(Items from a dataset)
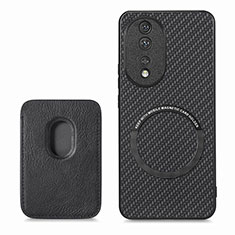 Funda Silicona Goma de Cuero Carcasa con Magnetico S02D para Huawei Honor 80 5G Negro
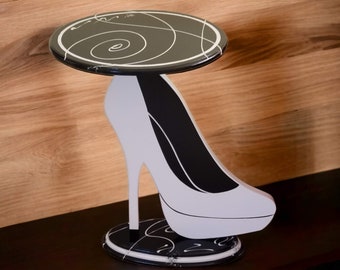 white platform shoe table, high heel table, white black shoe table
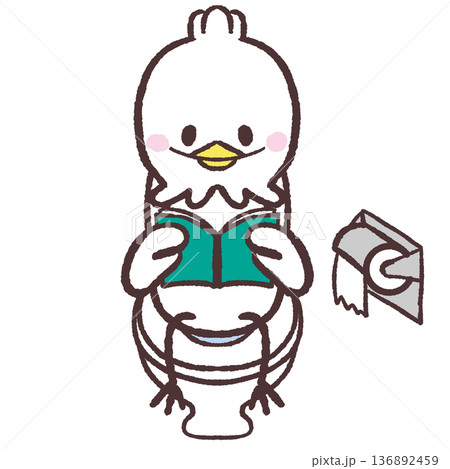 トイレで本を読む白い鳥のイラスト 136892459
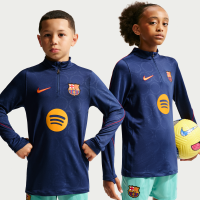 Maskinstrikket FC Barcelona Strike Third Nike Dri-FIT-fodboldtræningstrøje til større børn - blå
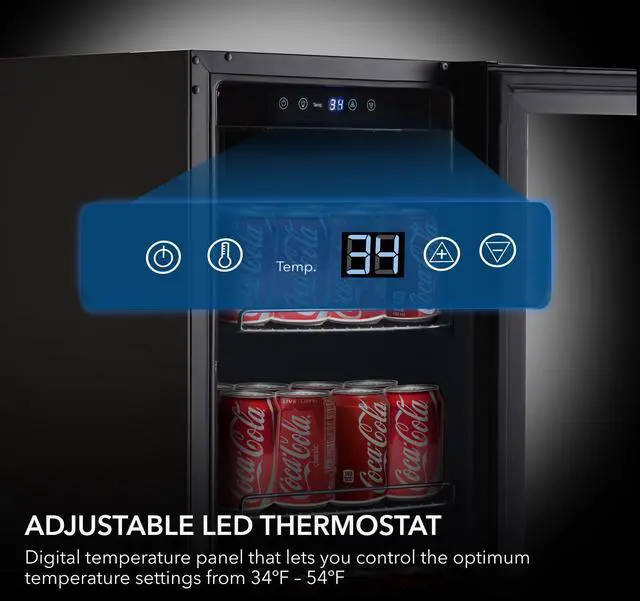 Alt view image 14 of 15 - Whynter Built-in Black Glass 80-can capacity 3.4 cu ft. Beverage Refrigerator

◆ Brief
The answer must consist of the line containing "white platform shoe" and every line after it through the end of the records, retyped exactly, with all pictures left out.

◆ Written solution
 white platform shoe table, high heel table, white black shoe table
 トイレで本を読む白い鳥のイラスト 136892459
 Maskinstrikket FC Barcelona Strike Third Nike Dri-FIT-fodboldtræningstrøje til større børn - blå
 Alt view image 14 of 15 - Whynter Built-in Black Glass 80-can capacity 3.4 cu ft. Beverage Refrigerator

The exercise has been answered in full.